Firing of neurons changes the cells that insulate them
Through their pattern of firing, neurons influence the behavior of the cells that upon maturation will provide insulation of neuronal axons, according to a new study publishing 22 August in the open access journal PLOS Biology by Balint Nagy, Maria Kukley and colleagues at the University of Tübingen, Germany. The findings suggest the existence of a complex and nuanced interplay between neurons and the non-neuronal cells that support and protect them.
Oligodendrocyte precursor cells (OPCs) give rise to oligodendrocytes, which wrap the axons of neurons in the central nervous system with myelin to electrically insulate them. Neurons signal to OPCs through chemical synapses. Previous work has shown that electrical or optical stimulation of nerve fibers influences the proliferation of OPCs and their differentiation into oligodendrocytes, but whether that stimulation acts like an on-off switch, influencing OPCs only by its presence or absence, or more like a dimmer switch, inducing a graded response in the OPC, has been unclear.
To investigate that question, the authors studied oligodendroglial cells in the corpus callosum, a nerve tract which connects the two hemispheres of the brain, both in fresh brain slices and in living rodents. Using electrodes, they stimulated neurons to fire and recorded responses in the neighboring OPCs.
They found that stimulating neuronal fibers in brain slices at low frequencies led to a slowly oscillating movement of ions through the membrane of OPCs, while high-frequency stimulation caused a much more rapidly oscillating movement of ions. High-frequency stimulation of neuronal fibers in living animals led to greater OPC proliferation (creating more OPCs) over the course of a week than did low-frequency stimulation; low-frequency stimulation, in turn, led to more differentiation of OPCs into pre-myelinating oligodendrocytes, the cells that then go on to develop into oligodendrocytes which make myelin.

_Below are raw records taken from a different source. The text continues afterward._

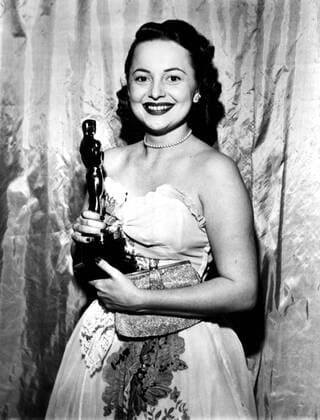 OSCARS. Beste Hauptdarstellerin. Preisträgerinnen 1941-1950 Jan. 1, 2011 - OLIVIA DE HAVILLAND AT THE ACADEMY AWARDS.1946. - ZUMAg49_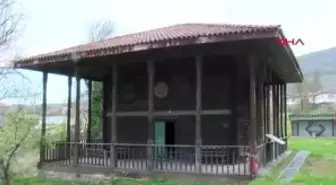 4 ASIRLIK AHŞAP CAMİDEKİ 5.19'U GÖSTEREN SAATİN SIRRI ÇÖZÜLEMEDİ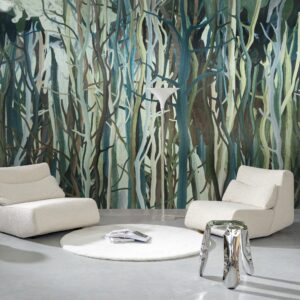 Moderne zithoek met twee witte loungefauteuils, een metallic bijzettafel en een mangrove-geïnspireerd behang van Arte.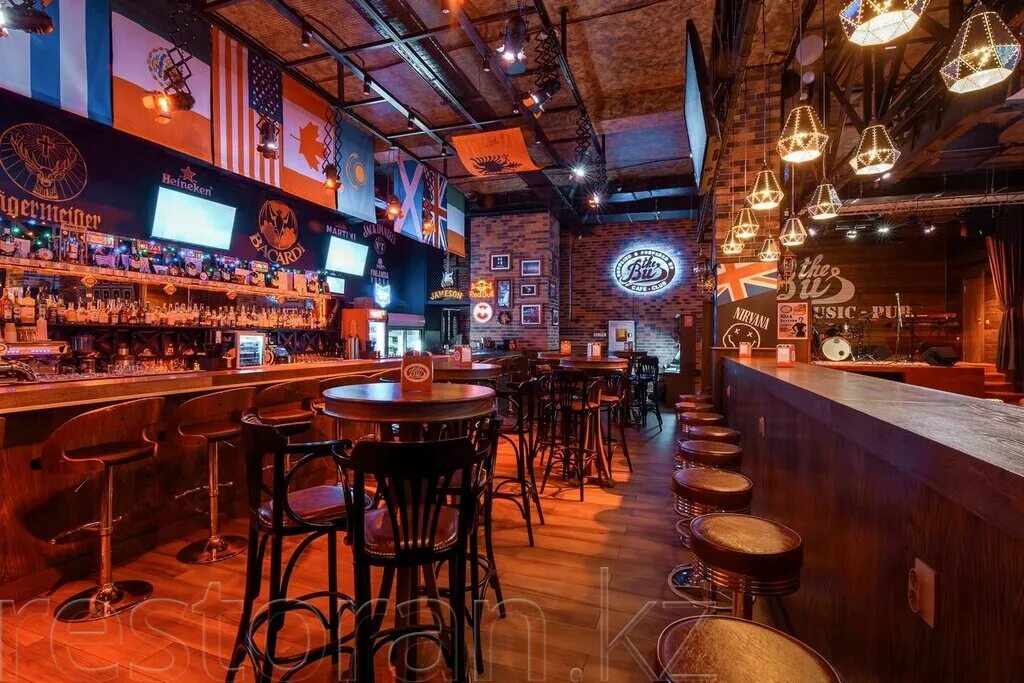 пивной бар с людьми. барная стойка с алкоголем. роскошный ресторан. бар фото. меркурий бар.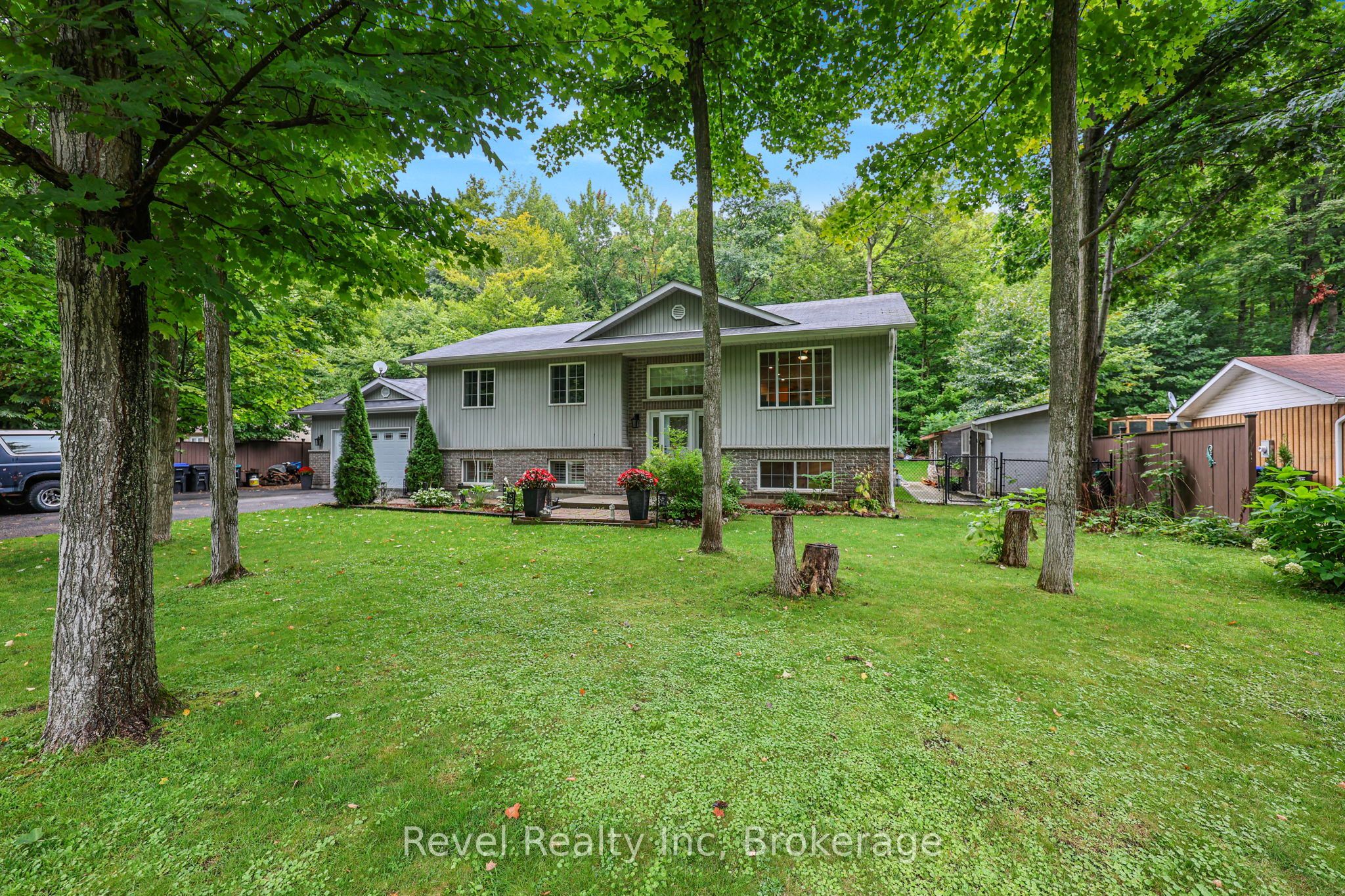 117 Desroches Trail Property Photo 1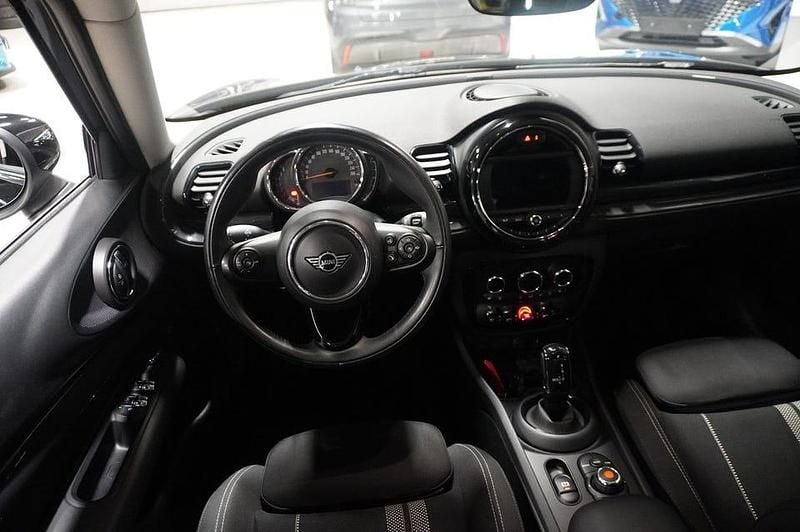 Begagnad Mini Clubman Salt 192 HK (141 kW) 2019 Svart Kombi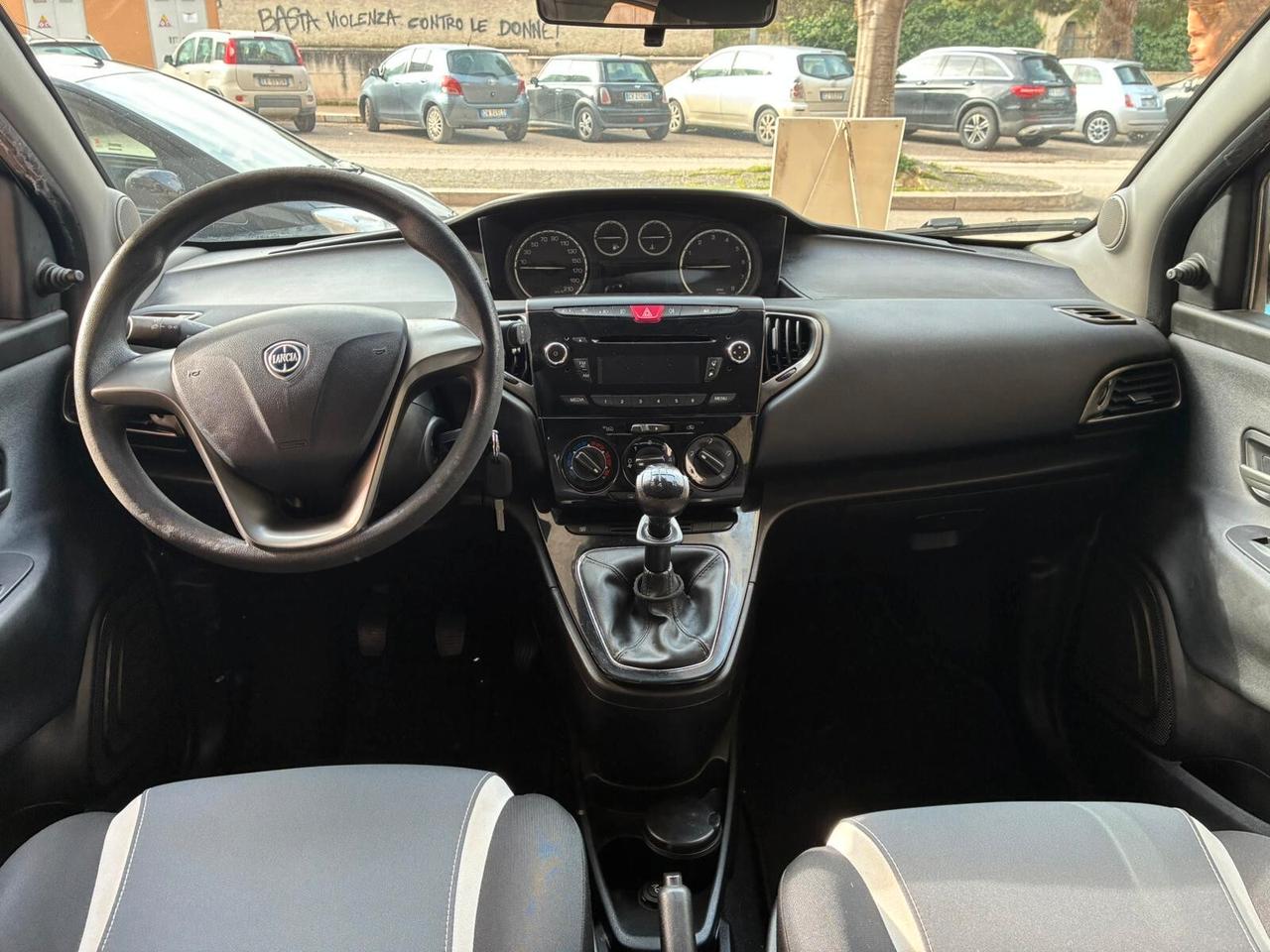 Lancia Ypsilon 1.2 benzina 5p garantita-15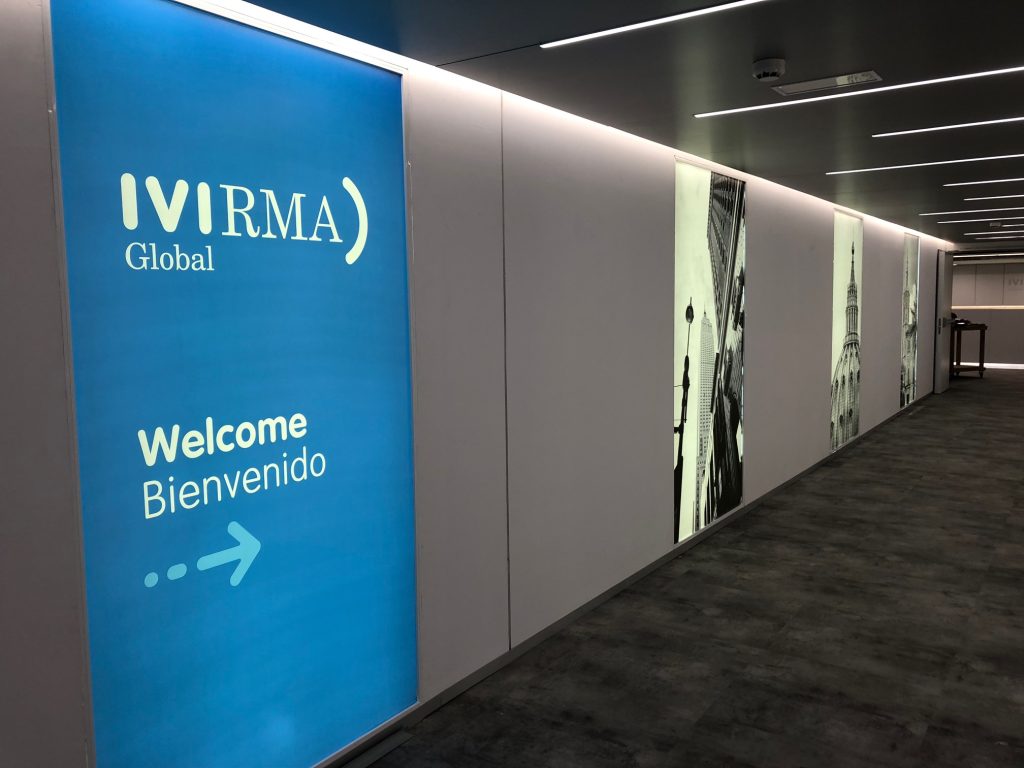 Rótulo luminoso LED instalado en fachada de tienda en Benidorm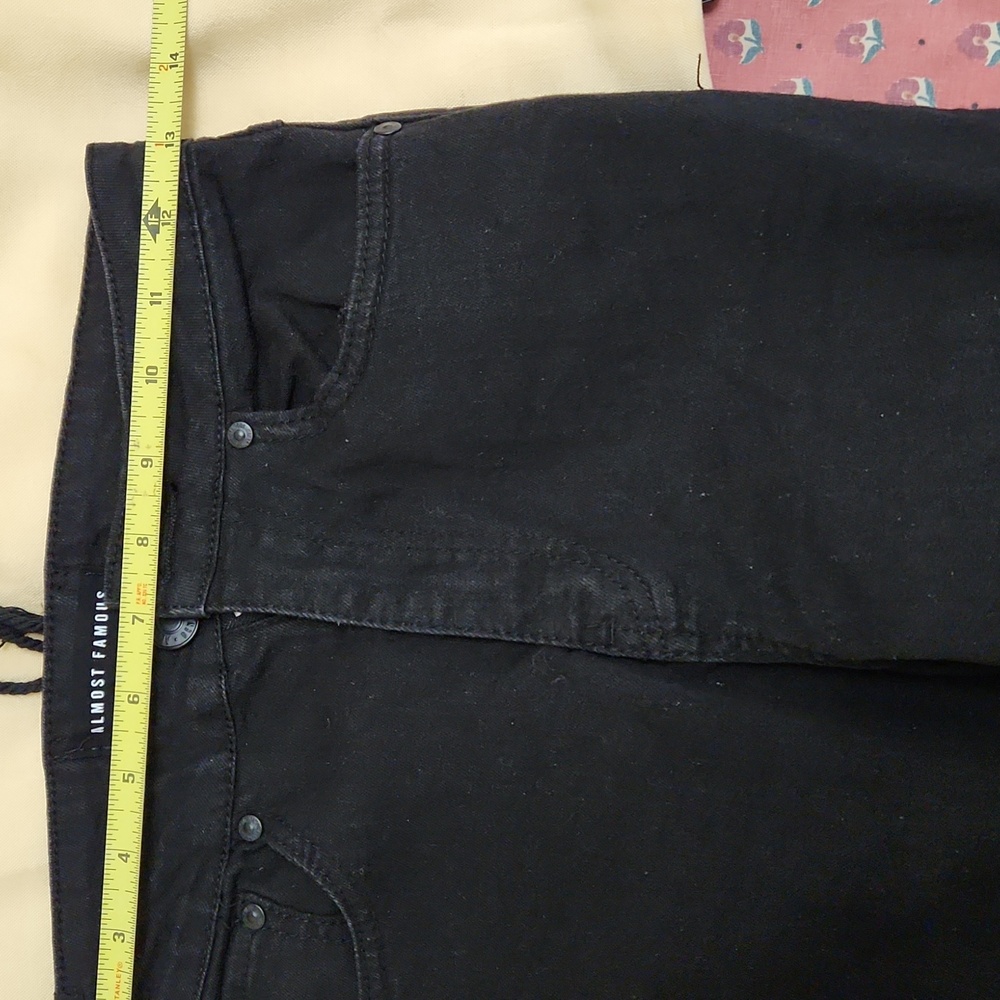 Jean - Picture 3 of 7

How OPCs translate different patterns of neuronal firing into differences in proliferation and differentiation is unknown, but differences in firing pattern have been seen to affect gene expression in neurons themselves in a graded rather than on-off way, suggesting that a similar mechanism may be at work in OPCs. Intriguingly, different neuronal firing patterns affect properties of chemical synapses between neurons and OPC, as well as intracellular concentrations of ions in OPCs such as sodium, potassium, and calcium, in a distinct fashion. Hence, it is possible that neurons use synapses with OPCs to influence OPCs behavior, including proliferation and maturation. It is not yet known whether the frequency-related differences in behavior of OPCs actually match the neuron's respective needs.
Myelination in the brain is plastic. It can be influenced by our everyday behavior and is responsive to environmental inputs, with physical activity increasing it and social isolation decreasing it. Understanding the mechanisms mediating the effects of activity on myelination may offer significant opportunities for therapeutic intervention in disorders in which myelination or remyelination are deficient. "This research may open new perspective to therapy of demyelinating disorders where remyelination strongly relies on the increased proliferation and differentiation of OPCs," commented Kukley.